### 2nd Putnam 1939

Problem B4

The axis of a parabola is its axis of symmetry and its vertex is its point of intersection with its axis. Find: the equation of the parabola which touches y = 0 at (1,0) and x = 0 at (0,2); the equation of its axis; and its vertex.

Solution

Straightforward.

The general equation of the a parabola is:   (ax + by)2 + cx + dy + e = 0. Its intersection with y = 0 is given by a2x2 + cx + e = 0. This must have a double root, so c = -2a2, e = -a2. Considering the other tangent, we find: d = -4b2, e = 4b2. So (up to an irrelevant constant factor) we have: a = 2, b = 1, c = -8, d = -4, e = 4; or a = 2, b = -1, c = -8, d = -4, e = 4. But in the first case the equation can be written as (2x + y - 2)2 = 0, which is a double line.
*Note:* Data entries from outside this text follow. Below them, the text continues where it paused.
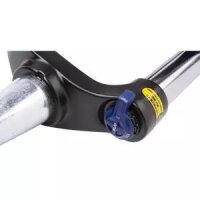Federgabel ZOOM >Vaxa 30 S< MTB 595S AMS, 29",...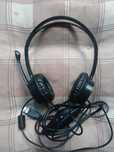 Навушники Trust Mauro USB Headset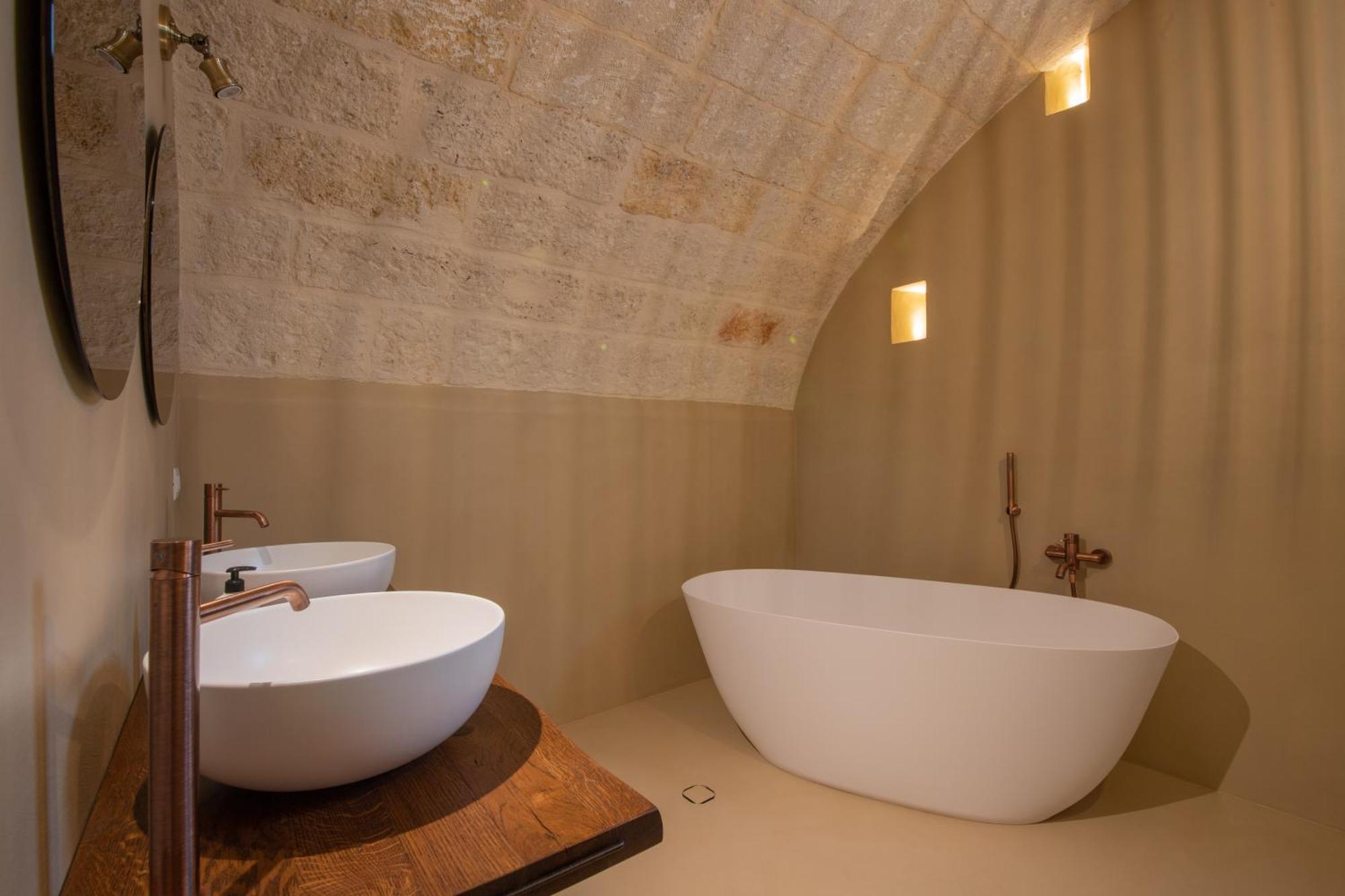 Masseria Galleppa By Apulia Hospitality Macchia di Monte Exterior photo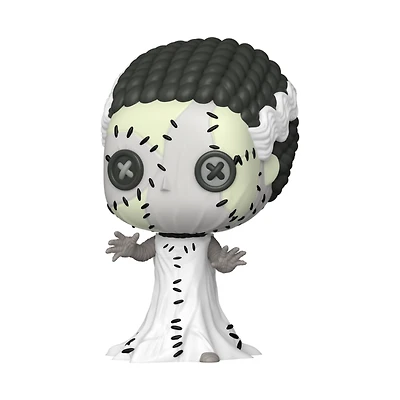 Funko Pop! Movies: Corpse Bride – Patchwork Bride
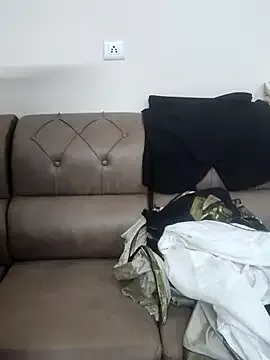 Pallavi0001 from StripChat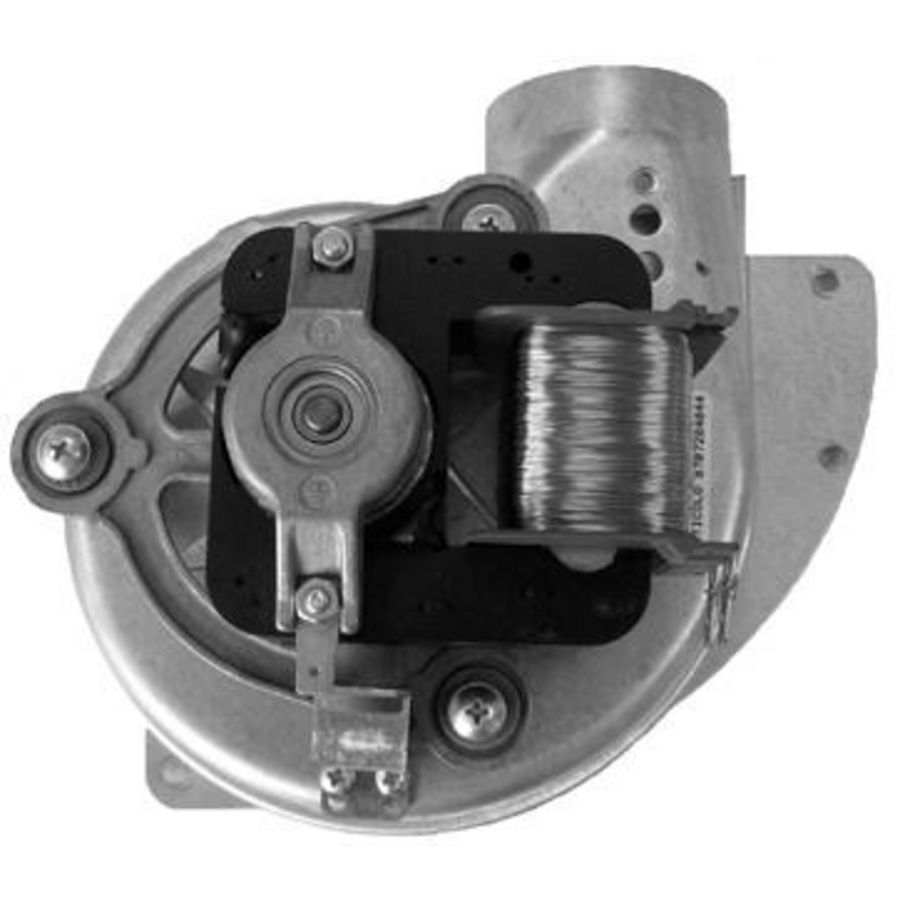 Ventilator F2500VE-N F3300VE-N 87072040380 Nefit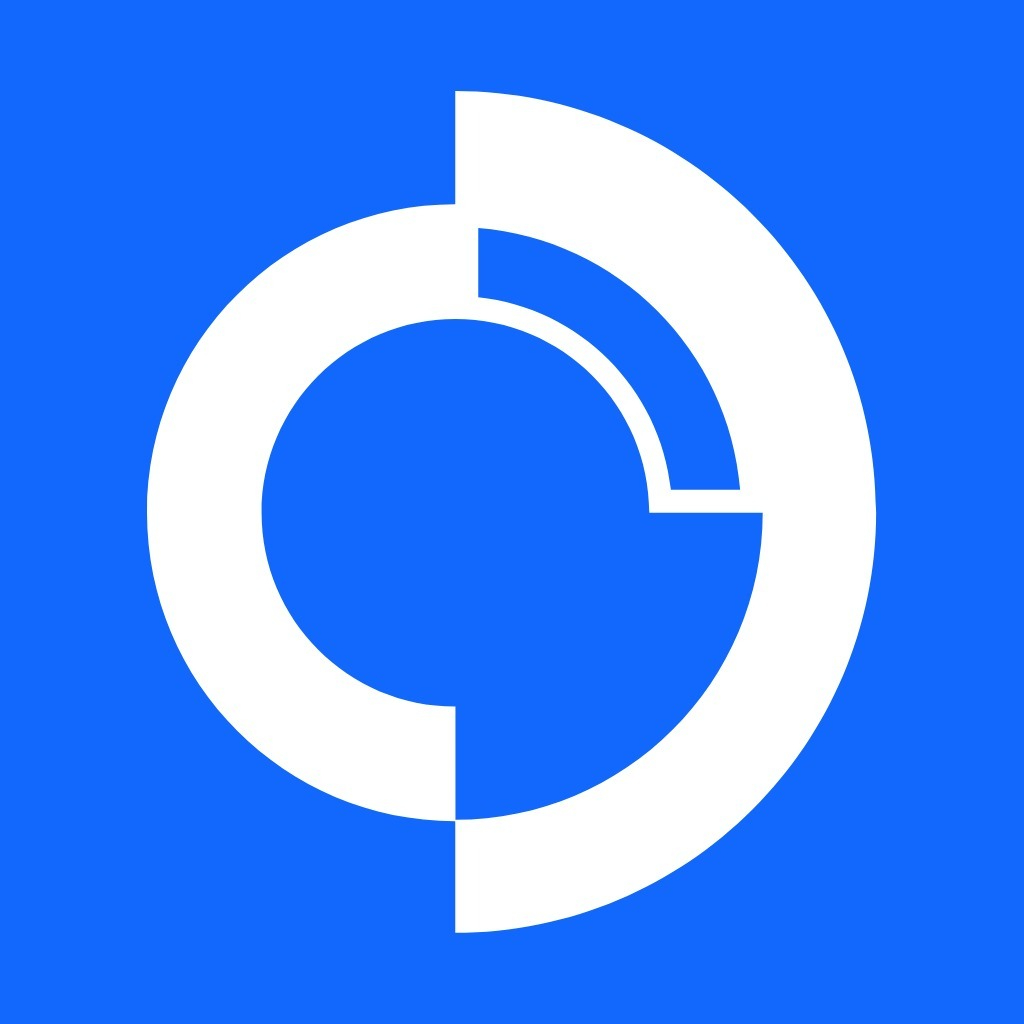 Logo da empresa
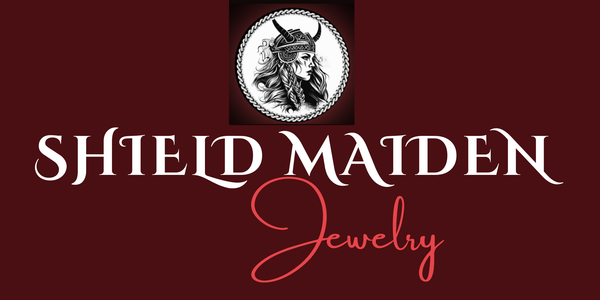 Shield Maiden Jewelry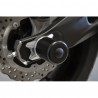Protections de roue arrière TOP BLOCK YAMAHA MT-07 2014-2020 1
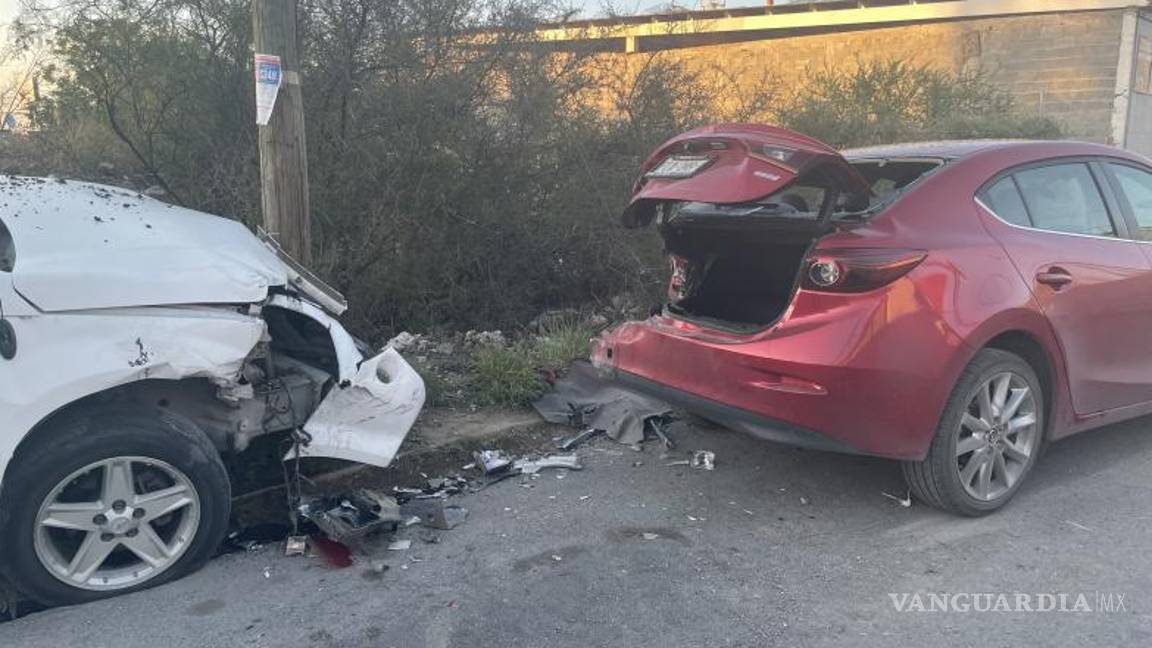 $!No se reportaron lesionados en el encuentro.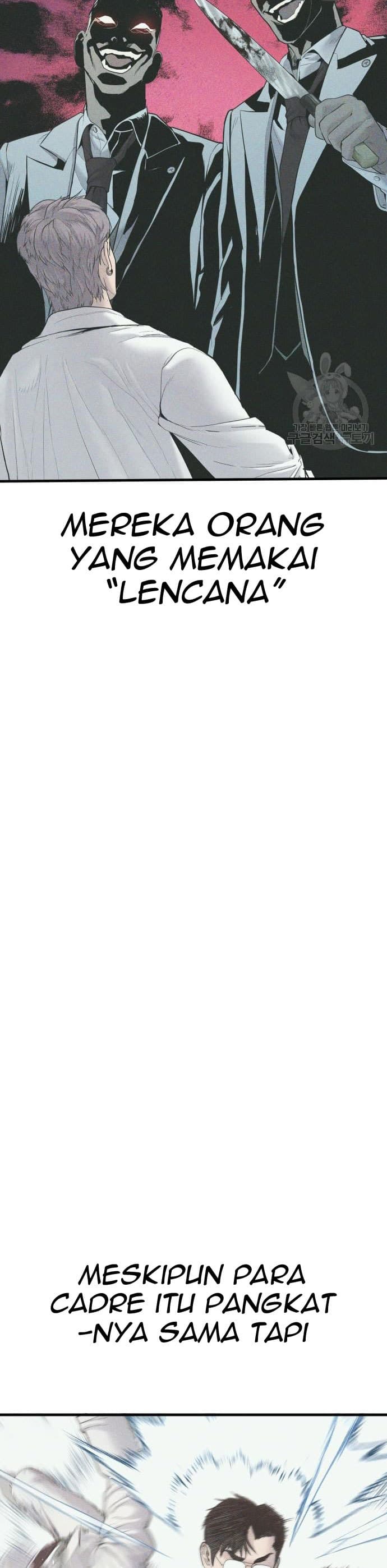 Halaman 5 dari Manager Kim Chapter 59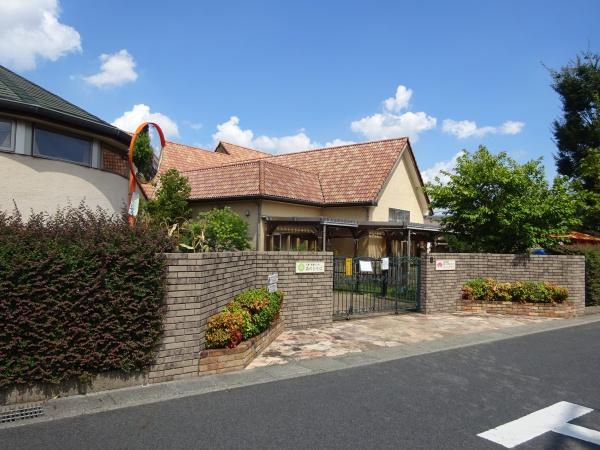 リーブルガーデン 加須旗井第11 全3棟 3号棟(認定こども園こどもむらさくらのもり保育園)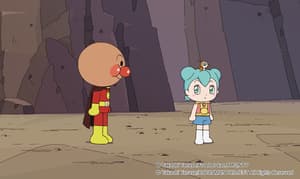 麵包超人大電影：露寶莉與窩心的禮物電影劇照34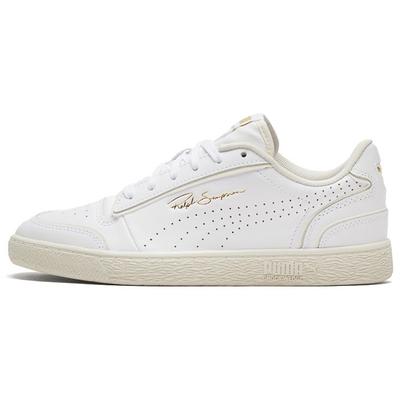 Ralph Sampson Low Perf 'Outline Whisper White' 374070-02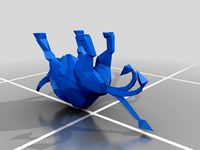 Pokemon 128 by Lordzooloo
It is debatable whether this qualifies as a parabola, but it would not normally be said to touch the points (1,0) and (0,2). So we are left with the parabola: (2x - y)2 - 8x - 4y + 4 = 0.

We want to put this in the form u = kv2. The line x + 2y = 0 is perpendicular to the line 2x - y = 0, so we change variables to X = 2x - y, Y = x + 2y, giving: X2 - 16/5 Y - 12/5 X + 4 = 0, or 16/5 (Y - 4/5) = (X - 6/5)2, which is the equation of a parabola with vertex X = 6/5, Y = 4/5, axis X = 6/5. Changing back to the original coordinates, x = (2X + Y)/5, y = (2Y - X)/5, the vertex is (16/25, 2/25) and the axis is 10x - 5y = 6.